Wednesday, October 19, 2005

Should we be rushing a bird flu vaccine to market?

New Scientist sounds off on the need for action on bird flu: Bird flu: kick-start vaccination or face the consequences

Substantial commercial, political and bureaucratic barriers remain that will stop us being able to vaccinate enough of the world's people to contain any pandemic. What is urgently required is a global plan to combat the threat.

The problem boils down to numbers. A hybrid vaccine virus has already been produced that could immunise people against the H5N1 bird flu virus. But manufacturers can't make enough of it.

Then, when most observers flinch at the analogy to the swine flu scare, they raise it as a hopeful example.
The science is in place. Now the world needs to push forward to test and license a vaccine.
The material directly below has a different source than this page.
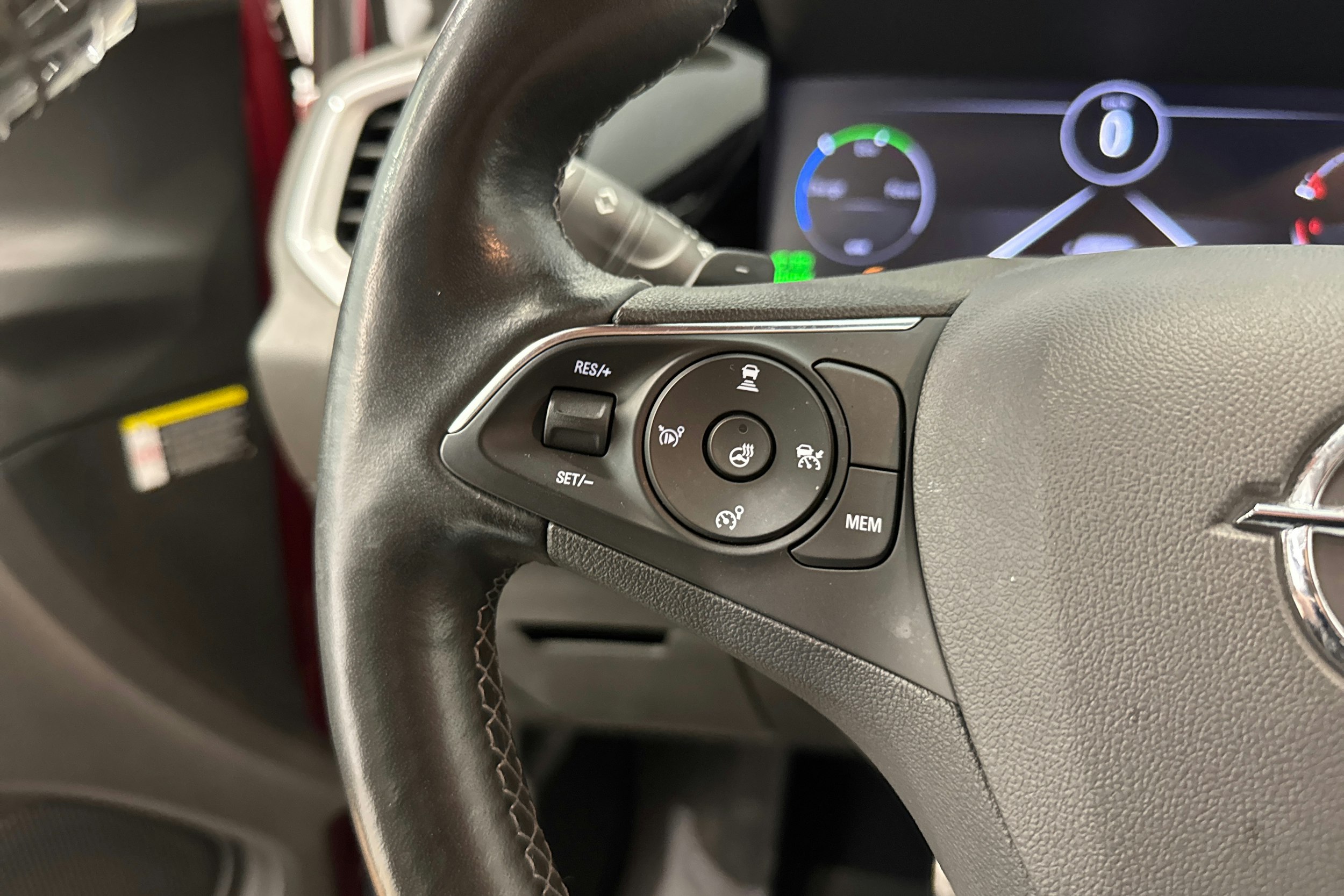 punainen Opel Grandland 2022 kuva 20.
When pandemic fears surfaced with swine flu in 1976, the US government developed, tested and licensed a vaccine, then made enough for most of its people, within six months. "We did it in 1976," says Fedson. "Why can't we do it now?"
Most people think that swine flu vaccination was a waste because it never progressed beyond a scare, and many people died from the hastily concocted vaccine. Interesting that they feel differently; that it is an example of how we can protect ourselves against a threat before the threat becomes a disaster.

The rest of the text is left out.